Supplied entries Block Start

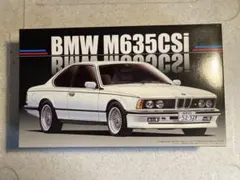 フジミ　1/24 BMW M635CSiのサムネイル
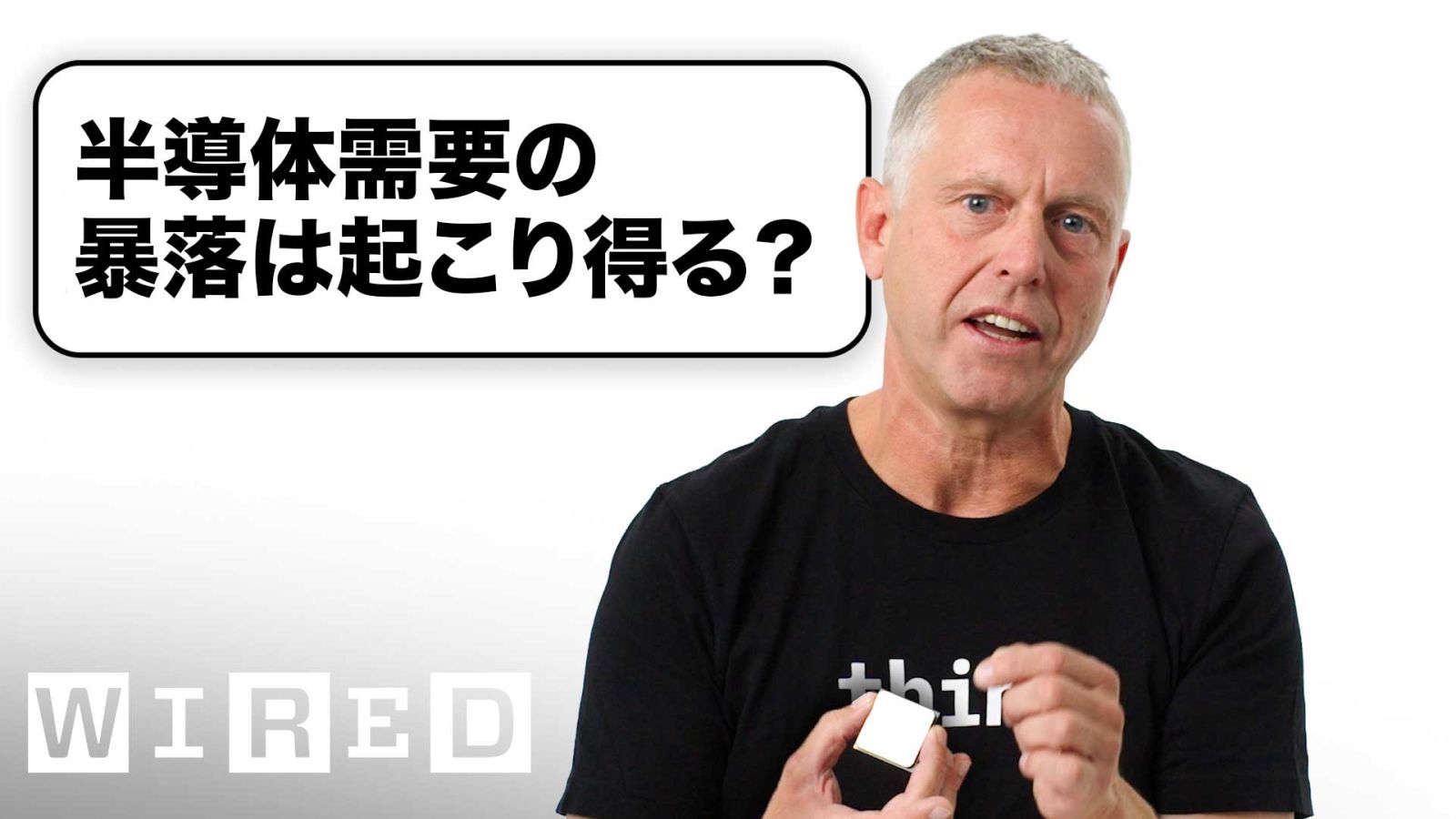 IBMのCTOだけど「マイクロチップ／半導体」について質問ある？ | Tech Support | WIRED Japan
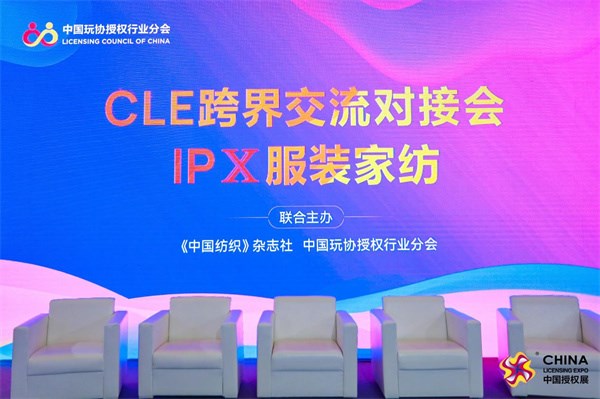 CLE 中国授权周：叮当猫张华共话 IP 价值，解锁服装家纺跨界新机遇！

Supplied entries Block End
Supplied entries Block Start

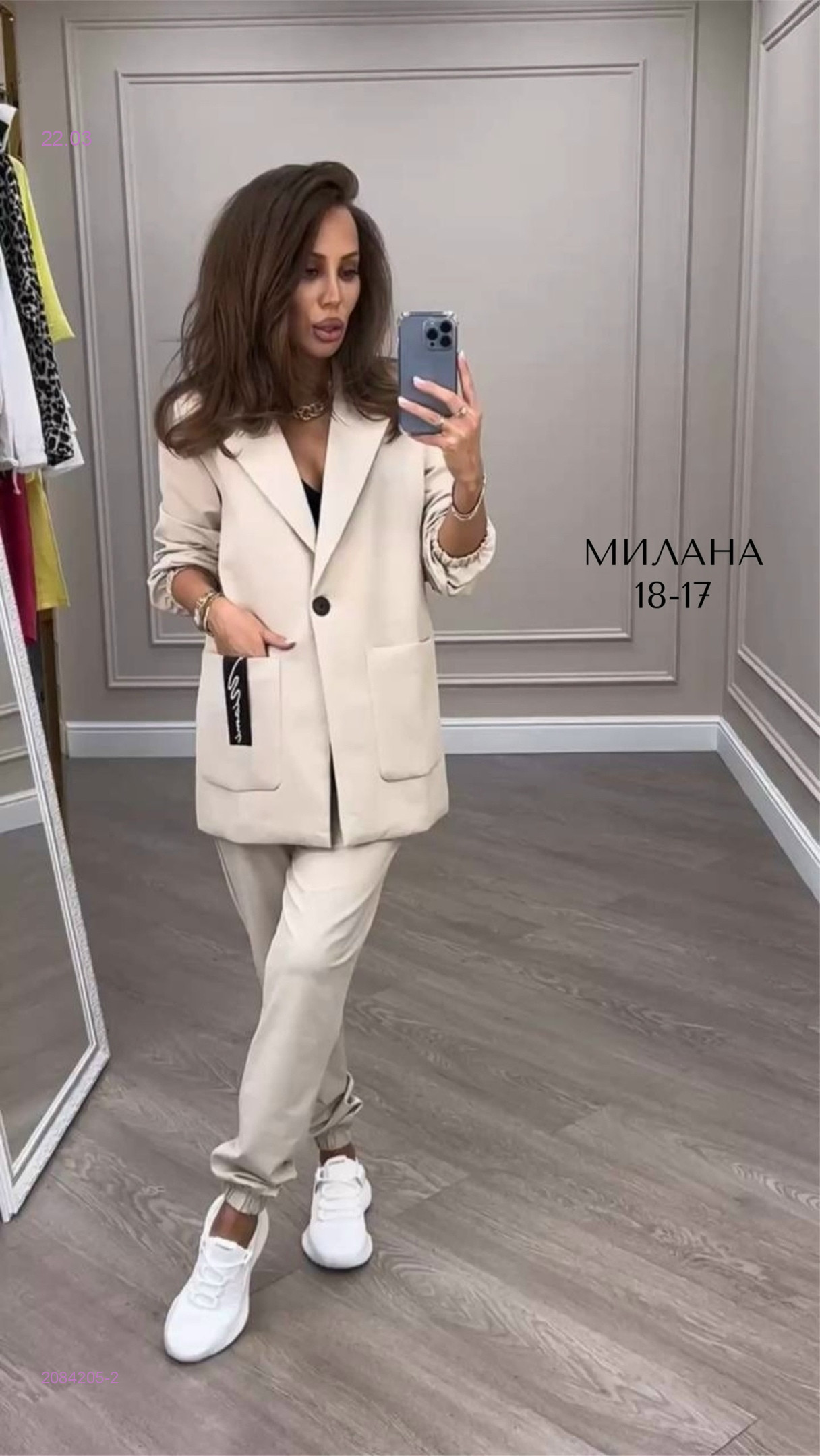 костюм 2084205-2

Supplied entries Block End
Supplied entries Block Start

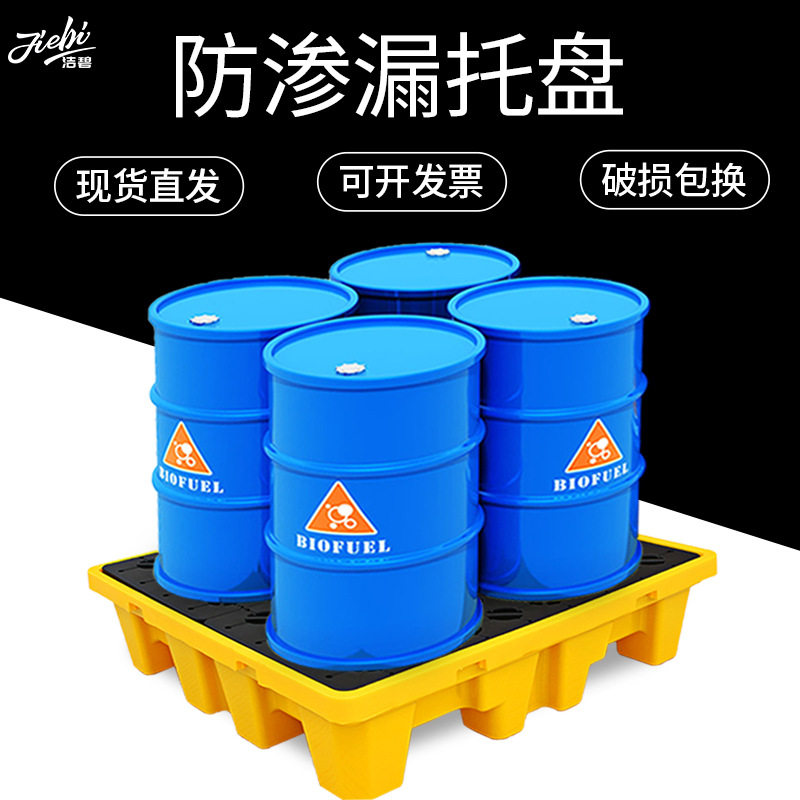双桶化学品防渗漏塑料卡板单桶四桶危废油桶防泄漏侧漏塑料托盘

Supplied entries Block End

■ What you need to do ■
In the listing above, find the line with "フジミ　1/24 BMW M635CSiのサムネイル" and the line with "CLE 中国授权周：叮当猫张华共话 IP 价值，解锁服装家纺跨界新机遇！". Transcribe those two and everything between, exactly, leaving out pictures.

■ Reply ■
 フジミ　1/24 BMW M635CSiのサムネイル
 IBMのCTOだけど「マイクロチップ／半導体」について質問ある？ | Tech Support | WIRED Japan
 CLE 中国授权周：叮当猫张华共话 IP 价值，解锁服装家纺跨界新机遇！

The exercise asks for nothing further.